口に出る少し手前の言葉を、とても巧みに言語化されてると感じた。 色々な立場や置かれている環境で、考え方も変わる。 恵まれていることが恵まれていない、ということも確かにあるのだろうなあ。

2022/05/02

hit4papa

アメリカ人と日本人の夫婦の養子として育ったシリア人女子の物語です。裕福な両親に愛されてきた主役アイ。アイは、自身の幸運に罪悪感を抱き、世界の人々の不幸な死を記録し続けざるを得ません。頭脳明晰であり、何不自由がない故に、かえって不自由を感じる多感な日々がつづられます。自身の輪郭を見失い、確かなものに憧れ続けるアイに共感してしまいました。

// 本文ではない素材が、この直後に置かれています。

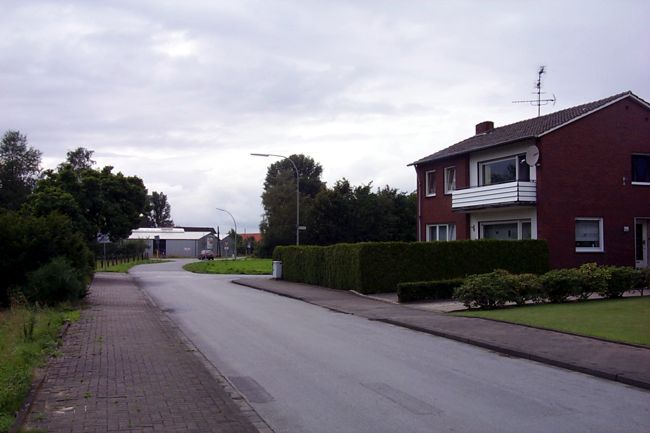 Ein Haus mit einer akkurat geschnittenen Hecke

アイは、i (アイ)=虚数の存在を認める数学に没頭します。タイトルの意味を含めて奥が深いですね。ラストの失速気味ですが、仲違いした最愛の親友とのひと時は、ちょっとホロリ。

2022/05/31

33 kouch

没個性がよしとされてるこの社会で、むしろ今度は個性を持ちたがる…そんな平和の極みの現代でぬくぬく生きてきた自分には羨ましくも映る。「この世界にはi存在しません」…一見恵まれていると思える人にも呪いのように取り憑かれた悩みがある。「自分の想像力には限界がある、それはたしかだ。でも…その努力を放棄するのは間違っている」世界中で不幸で死ぬ人々を想像して、それが何故自分でないか考える主人公。「人を思いやる」という真の意味を知れたような気がする。西加奈子さんの本は初めて。もっと他の作品も読んでみたい。